‘Love Fraud’ Filmmakers on Capturing ‘Real Crime in Real Time’

Filmmakers Heidi Ewing and Rachel Grady have never helmed their own docuseries before, but that all changed with “Love Fraud,” a four-part project for Showtime that follows a few of the women who were in relationships with, and robbed by, polygamist Richard Scott Smith. What made the difference, Ewing tells Variety, is that it was a story of “real crime in real time.”

Instead of picking up interest in a cold case or basing a series off a well-known article, the duo found a blog that detailed women’s experiences with Smith and they decided they wanted to get involved. But they didn’t just want these women to recount their stories; they wanted to help them (with an assist from a bounty hunter named Carla) go after the fugitive Smith — to try to finally see him brought to justice.

“It’s so risky because you can’t guarantee your financier, your network, your editor, yourself you’re going to have a satisfying ending,” Ewing admits. But, “that, for us, is the thrill.”

The women featured in “Love Fraud” all had deep, intimate, first-person relationships with Smith that they share went south by way of him taking large sums of money from them, ruining their credit, and in some cases, getting violent. They came together through the internet and formed a community with the goal of not only supporting each other, but also trying to take him down so no other women would get hurt.

When Ewing and Grady showed up, cameras in tow, they were the “outsiders,” Ewing notes, but that did not mean they had to win the women over to tell their stories in any special way.

“They were ready to go. They were pissed off,” Grady recalls. “On top of law enforcement already dismissing them, which is horrible, also sometimes their kids and families had really been victim-blaming. I think they were like, ‘F— this, I didn’t do anything wrong. He’s the one who did something wrong.'”

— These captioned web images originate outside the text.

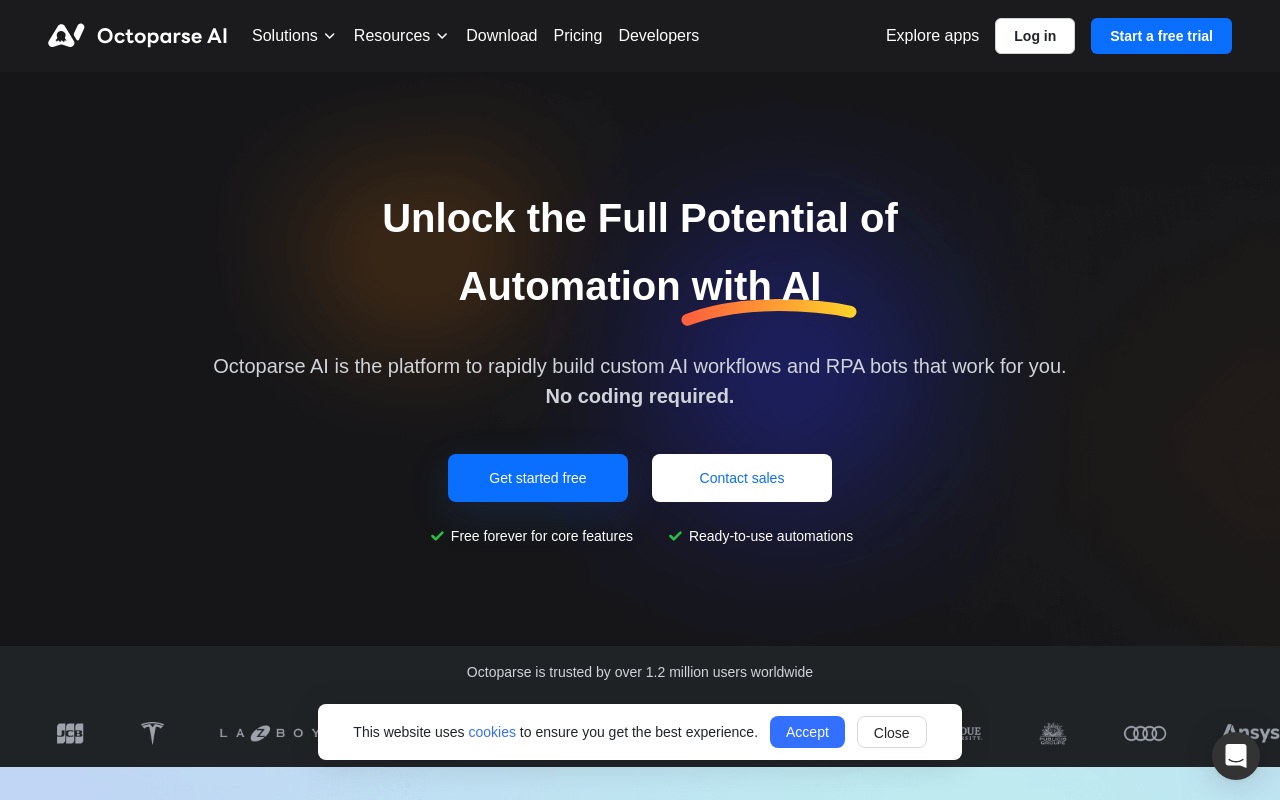 Screenshot of Octoparse AI: Automate Workflows & Supercharge Productivity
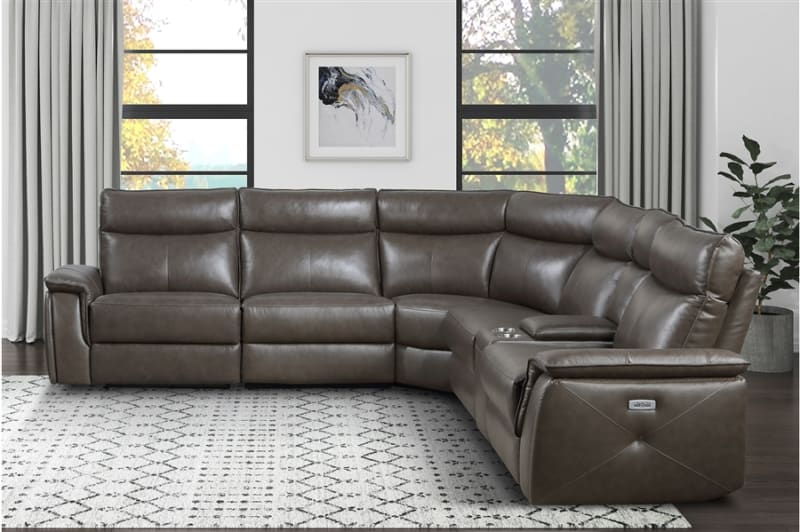 Maroni 6 Piece Modular Power Reclining Sectional in Dark Brown by Home Elegance - HEL-8259RFDB-6SCPWH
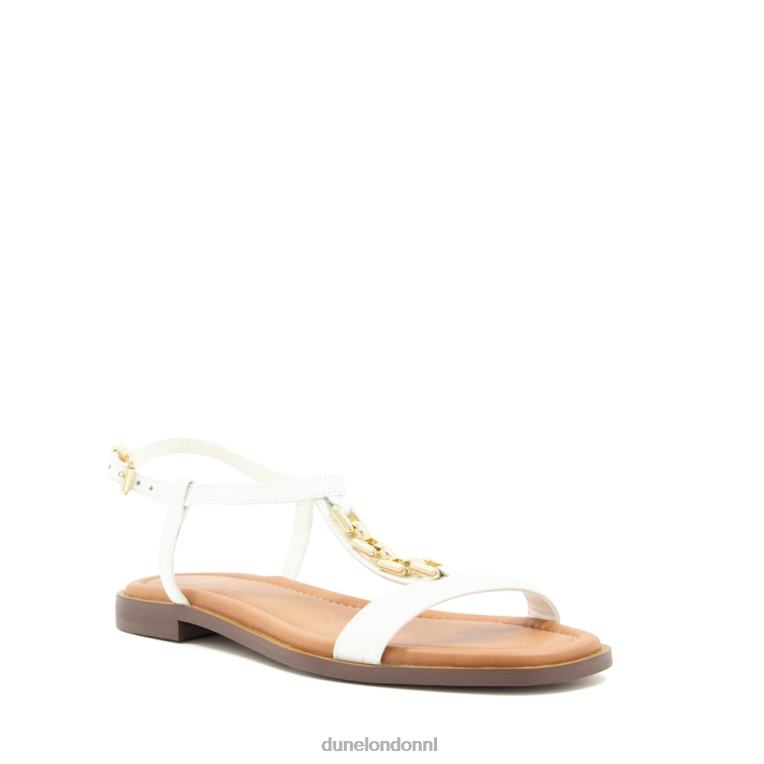 vrouwen R6DFZ101 lotje wit Dune London Platte sandalen met ketenkroko-effect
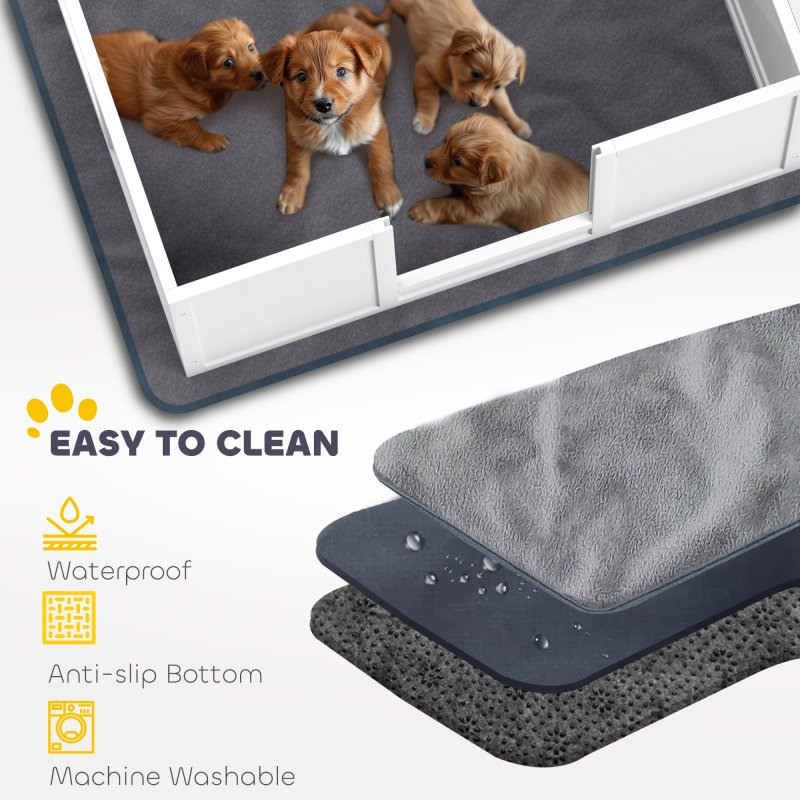 PawHut Whelping Box for Dogs, Dog Whelping Box, Dog Playpen Fence Exercise Play Pen with Water-Resistant Washable Whelping Pad, Adjustable Entrance, Non-Slip Pads, for Medium Dogs, Puppies, 100 x 96cm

“Love Fraud” is one-part a look back on the women’s relationships with Smith and one part a chase (sometimes literally) to get him arrested. In addition to bringing cameras, Ewing and Grady “brought the resources of Showtime,” which included the ability to hire a private investigator and devote their full time to the women’s cause.

In telling the story this way, Ewing and Grady were not only exposing one man’s lies, manipulation and criminal actions but the failings of the larger justice system that allowed him to continue, even as women reported him to the proper authorities.

Even just weeks before “Love Fraud” was set to premiere, the filmmakers say they heard from a woman who had been living with Smith, saw the trailer for the show and promptly moved out.

“People were really tracking the disparity between the crime and the punishment and we had an opportunity to really highlight that crimes against women are not taken as seriously as they are against men,” Ewing says. “That was definitely something we wanted to make sure we didn’t miss and it was thematically woven throughout because all of the women felt really frustrated and so did the bounty hunter who’s been working for 40 years. It wasn’t even a question that they were getting the short end of the stick.”

“He’s been doing this for 25 years and he never really even had a slap on the wrist, so I think it’s pretty intrinsic as part of the story that no one gave a s—,” adds Ewing. “We were in the car and feeling like, ‘Oh my God, he’s going to get away with it again’ so that just added to the tension of it.”

It also added to the risk they were taking: The way the women featured, and the audience watching, feel about the docuseries will likely be entangled with whether or not they were successful in catching Smith in the end.

“We had to decide why we were doing this [and] if we don’t catch this guy is this going to still be pleasurable to watch or be really frustrating for an audience?” Grady says. “We felt we had enough meat on the bone that it could have any outcome and still be good.”

And in the end what matters the most is that the women receive closure. More women may come forward after seeing the show, Ewing notes, but of the ones she and Grady worked with, she says, “They’ve moved on, and they should move on.”

“Love Fraud” premieres Aug. 30 on Showtime.